IDEAL: Query-Efficient Data-Free Learning from Black-box Models
This addresses the challenge of efficient and cost-effective model compression for scenarios where data privacy or model access is restricted, though it is incremental over prior data-free black-box methods.
The paper tackles the problem of knowledge distillation from black-box models without access to training data or model parameters, proposing IDEAL to reduce query costs; it achieves a 5.83% performance improvement over the baseline DFME on CIFAR10 with only 0.02x the query budget.

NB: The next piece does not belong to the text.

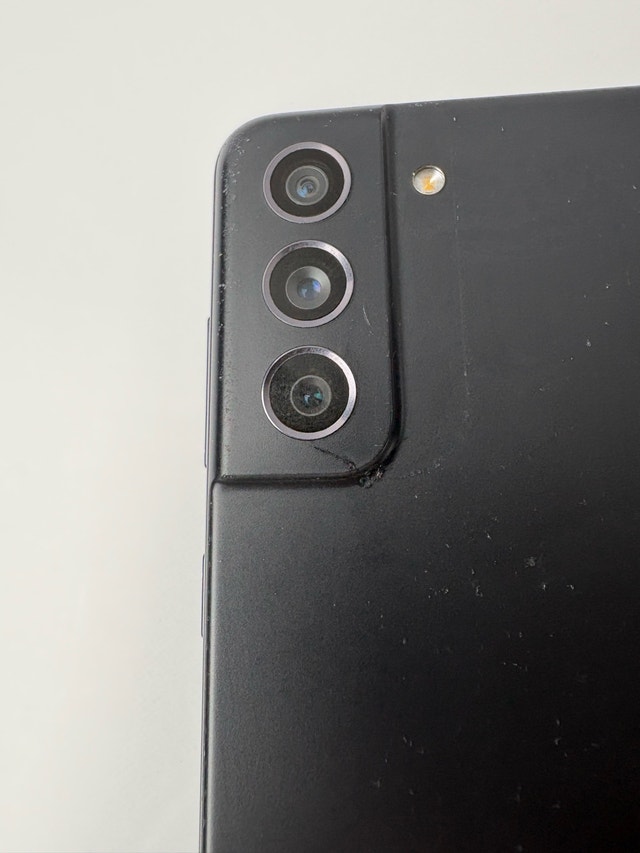 Samsung Galaxy S21 FE 128GB Unlocked – Fully Functional - photo 4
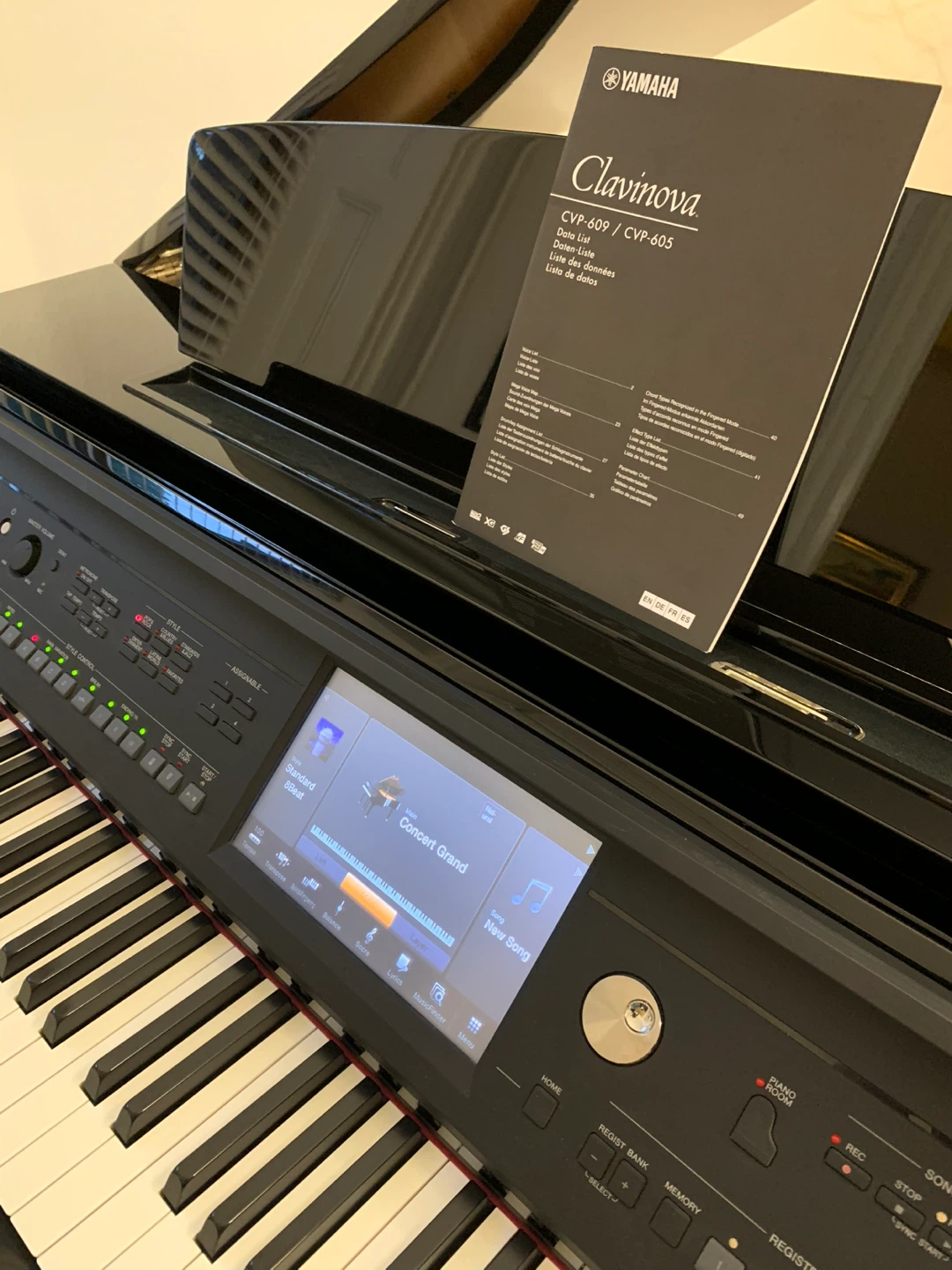 Yamaha Clavinova Digital Piano CVP-609/CVP-605 - photo 2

Knowledge Distillation (KD) is a typical method for training a lightweight student model with the help of a well-trained teacher model. However, most KD methods require access to either the teacher's training data or model parameters, which is unrealistic. To tackle this problem, recent works study KD under data-free and black-box settings. Nevertheless, these works require a large number of queries to the teacher model, which incurs significant monetary and computational costs. To address these problems, we propose a novel method called \emph{query-effIcient Data-free lEarning from blAck-box modeLs} (IDEAL), which aims to query-efficiently learn from black-box model APIs to train a good student without any real data. In detail, IDEAL trains the student model in two stages: data generation and model distillation. Note that IDEAL does not require any query in the data generation stage and queries the teacher only once for each sample in the distillation stage. Extensive experiments on various real-world datasets show the effectiveness of the proposed IDEAL. For instance, IDEAL can improve the performance of the best baseline method DFME by 5.83% on CIFAR10 dataset with only 0.02x the query budget of DFME.